Zooming in shows us which statements were executed and how that compares to the situation before this spike kicked in. Dynatrace shows us the SQL statements, and we can switch between executions, response time or failure analytics.
From any diagnostics view in Dynatrace we can analyze the so called “Backtrace” – which essentially shows us the reverse ServiceFlow starting for example from a SQL statement tracing it back to the origin of the call. In our case we can see that most of these calls came from /api/v4/StoreUser. What’s interesting though is that every single one of the 22.9k calls to this specific API resulted in 4 calls to that SQL statement: a classical N+1 query issue.
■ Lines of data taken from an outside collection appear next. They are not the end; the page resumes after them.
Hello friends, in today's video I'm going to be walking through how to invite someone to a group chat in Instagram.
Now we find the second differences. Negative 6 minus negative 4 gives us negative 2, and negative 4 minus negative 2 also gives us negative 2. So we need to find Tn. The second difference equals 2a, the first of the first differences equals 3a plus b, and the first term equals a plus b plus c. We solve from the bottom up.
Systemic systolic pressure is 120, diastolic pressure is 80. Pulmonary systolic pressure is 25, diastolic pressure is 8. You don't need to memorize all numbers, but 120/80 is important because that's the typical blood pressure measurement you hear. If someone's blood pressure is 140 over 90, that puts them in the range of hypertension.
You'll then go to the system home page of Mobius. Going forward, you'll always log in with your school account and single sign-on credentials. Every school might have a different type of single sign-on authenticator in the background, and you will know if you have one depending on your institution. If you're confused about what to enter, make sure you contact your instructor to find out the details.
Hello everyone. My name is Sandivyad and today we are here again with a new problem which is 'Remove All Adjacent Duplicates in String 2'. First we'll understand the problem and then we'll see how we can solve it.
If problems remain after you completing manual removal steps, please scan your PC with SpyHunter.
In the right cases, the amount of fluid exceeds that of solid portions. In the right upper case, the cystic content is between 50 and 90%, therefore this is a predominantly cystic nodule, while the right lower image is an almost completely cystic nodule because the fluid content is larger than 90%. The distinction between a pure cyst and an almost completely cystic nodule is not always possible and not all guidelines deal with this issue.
This becomes apparent if you look closely at the blue bars in the backtrace, which shows how many requests on a particular service resulted in calls to the next service.
From here we can drill down to the PurePath as you have seen earlier to give developers more insights into where they are making these duplicate calls!
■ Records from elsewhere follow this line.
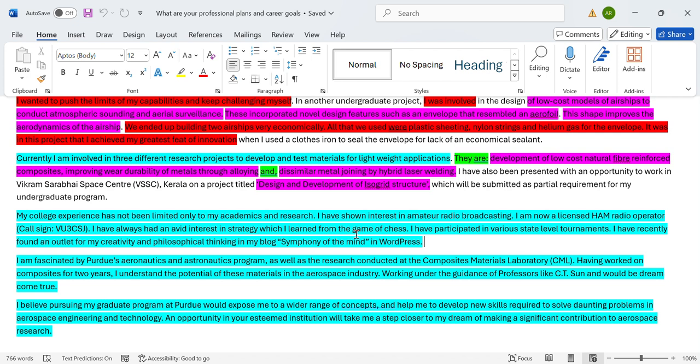'On a project titled Design and Development of Isogrid Structure' - jargon. I don't know what isogrid structure is. Even I've forgotten what it means, and I was part of this project with this guy. 'Which will be submitted as partial requirement for my undergraduate program' - why did you have to mention that? How does it matter to them that this is a partial requirement? 'My college experience has not been limited only to my academics and research. I have shown interest in amateur radio broadcasting. I am now a ham radio operator. I have participated in various state level tournaments' - too many things stuffed into one single paragraph. What I tried to do here was to display a side of him which is different from the academics, but unfortunately it ends up looking more like a nerd talking about radio broadcasting and playing chess. Either way, there's no achievement shown here. You have shown an interest in radio broadcasting - I also have an interest in radio broadcasting, but what do I do about it?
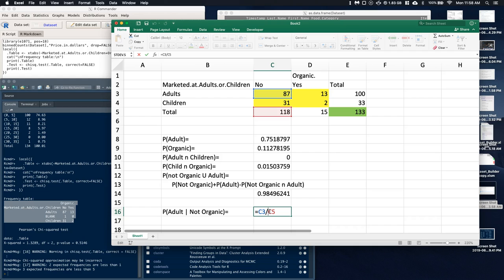I hope that this little activity — gathering some data and using it to make graphs and do probability statements — helps out with your understanding. If you've got any questions, feel free to email me. I'd be more than happy to help out. Good luck, you guys.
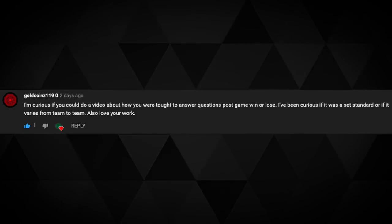Next question — Gold Coins 1190 asks: were you taught to answer questions post-game, win or lose? Was it a set standard or does it vary team to team? Great question. Yes, you are taught, and it does vary team to team. Most teams, especially in training camp and the off-season, will bring in some sort of media consultant or PR specialist to help players — especially younger players — with that team-centric answer. But beyond that, it usually varies by the individual head coach, who sets the tempo. It's either close to the vest — think Patriots — or a 'be yourself' kind of vibe, like Marvin Lewis or Ron Rivera.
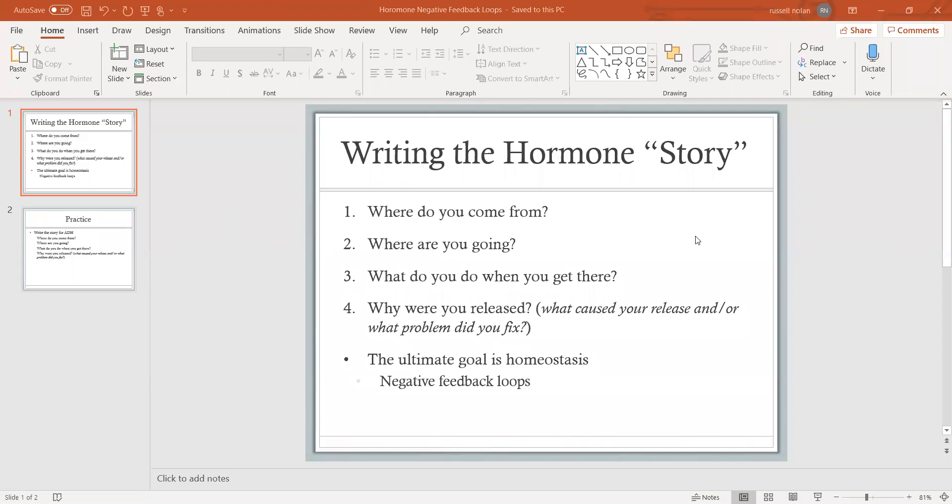Hi class, I wanted to do a brief video talking about what I think is the best way to learn and memorize hormones. When you're studying for the endocrine chapter, this is the most important part and takes up the most information from the chapter.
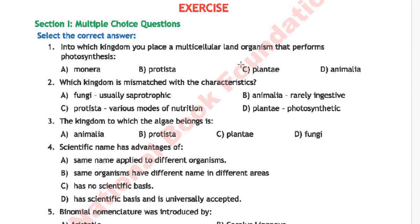Question 2: Which kingdom is mismatched with its characteristics? Option A is Fungi — usually saprotrophic. Option B is Animalia — rarely ingested. Option C is Protista — various modes of nutrition. Option D is Plantae — photosynthetic. The correct answer is option B, Animalia — rarely ingested.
The last thing I want to show you on diagnostics is that we can do the same for exceptions. The following shows the number of exceptions thrown during a particular timeframe. We can see the spike just before midnight on March 8th. These were all the exceptions we analyzed earlier in the blog – those around the authorization issue when calling DynamoDB. What’s great though is that we can use the Exception View to analyze any abnormal behavior and then drill into the PurePath to fix it.
A last word on exceptions: Exceptions are important and necessary, but they also come with a cost. Every exception means additional memory needs to be allocated and it means that special error handling gets executed. One of the goals I see modern development teams set for themselves is to lower the overall number of exceptions in production. Most of them are typically related to misconfiguration or deployment problems, e.g: depending services not available.
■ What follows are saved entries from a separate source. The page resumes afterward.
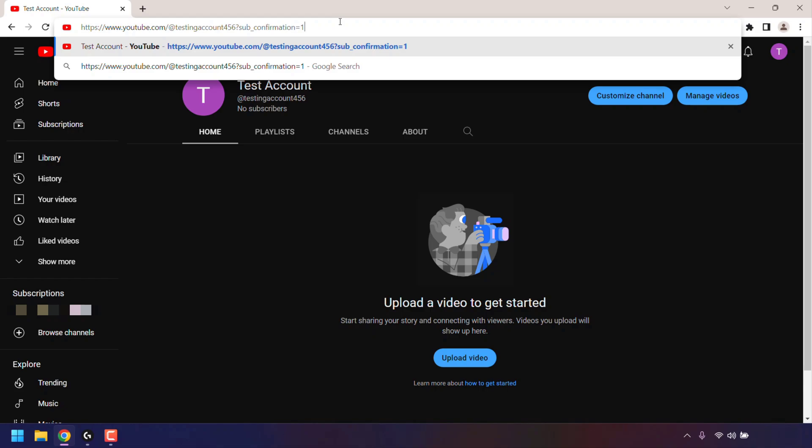And that pretty much concludes the video on how to create a YouTube Handle subscribe link prompt. If you enjoyed this video, be sure to give it a like, comment down below, and most importantly of all, subscribe to support the channel. I'll see you on the next video.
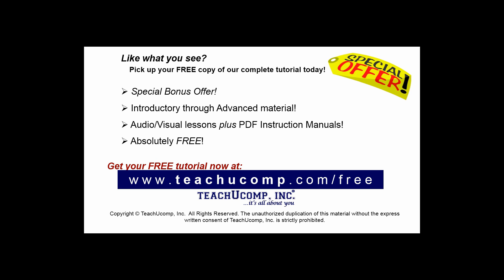Pick up your free copy of the complete tutorial at www.teachyoucomp.com forward slash free.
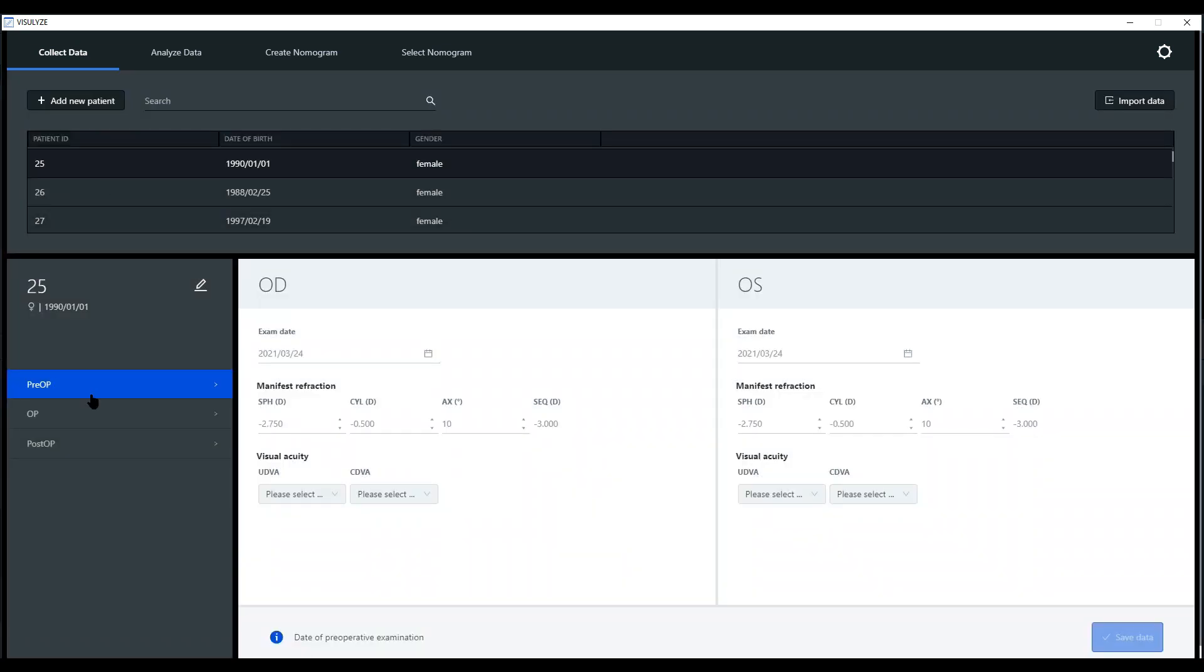For the pre-op, the examination date is important. Then you enter the manifest refraction for the patient: sphere, cylinder, and axis. The spherical equivalent is always automatically calculated.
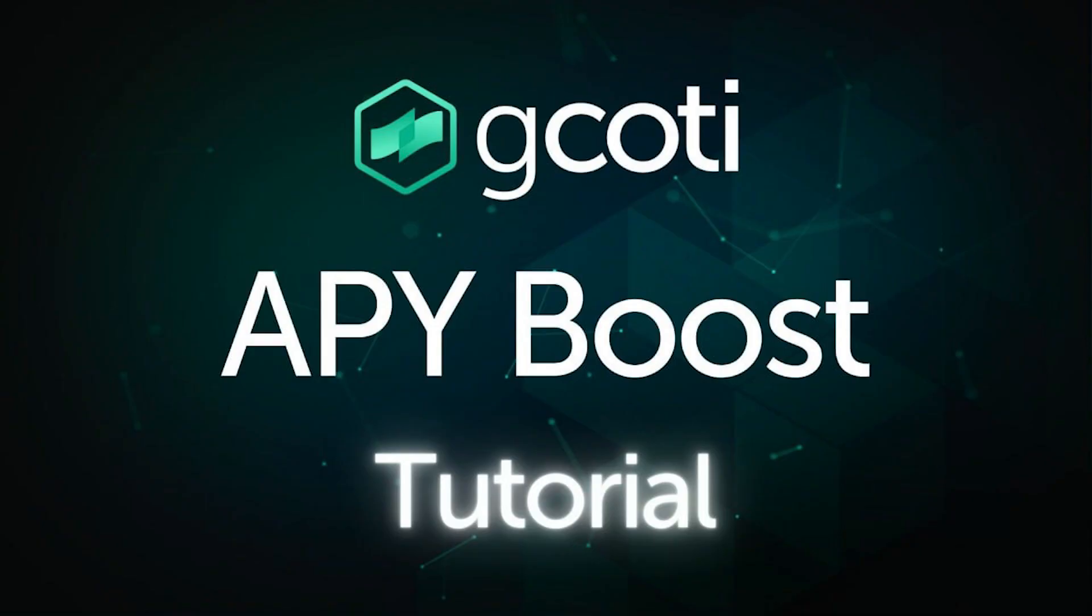Hey everyone! In this video, we're going to show you how to deposit G-CODI in order to boost the APY of CODI deposits in the Treasury.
Let me recap what we just did:
- We saw how easy it is to analyze database or exception hotspots
- We learned how to leverage the backtrace to see where these calls or exceptions came from
- We know that we always have PurePaths available to give developers more data to address any potential issues with e.g: excessive database queries or unnecessary exceptions
Now let’s summarize what actions we can derive from this data.
Action items for Dev & Ops:
#1: Understand database access behavior of certain services and plan for this accordingly
#2: Optimize database access: eliminate excessive or duplicated calls, e.g: N+1 query
#3: Set goals to reduce the number of exceptions
Step #5: Let the AI do its magic 😊
While I could go on and show you more use cases on how to leverage the Dynatrace data either in the UI or through the REST API, I want to leave you with how most of this can be automated thanks to the deterministic AI as part of Dynatrace Davis. In step #2 we went through a lot of data to end up at the DynamoDB exception, showing us that there was an authorization issue that caused requests to fail. The same problem was also detected by Dynatrace Davis and the following animated gif shows how the problem ticket looks like, how the DynamoDB was identified as the actual root cause and how it brings us straight to the exception and the source code in the PurePath.
If you want to learn more about Dynatrace Davis, how it works and how you can best leverage it, I suggest you check out my YouTube Tutorial on AIOps Done Right with Dynatrace.
Conclusion: Let’s Optimize with the help of Dynatrace
If you are moving workloads into the cloud, whether they are related to Microsoft as explained using this customer example or any other technology, remember to keep optimizing your deployments. If you don’t want to do everything manually, remember that Dynatrace AI does most of the heavy lifting already for you out-of-the-box.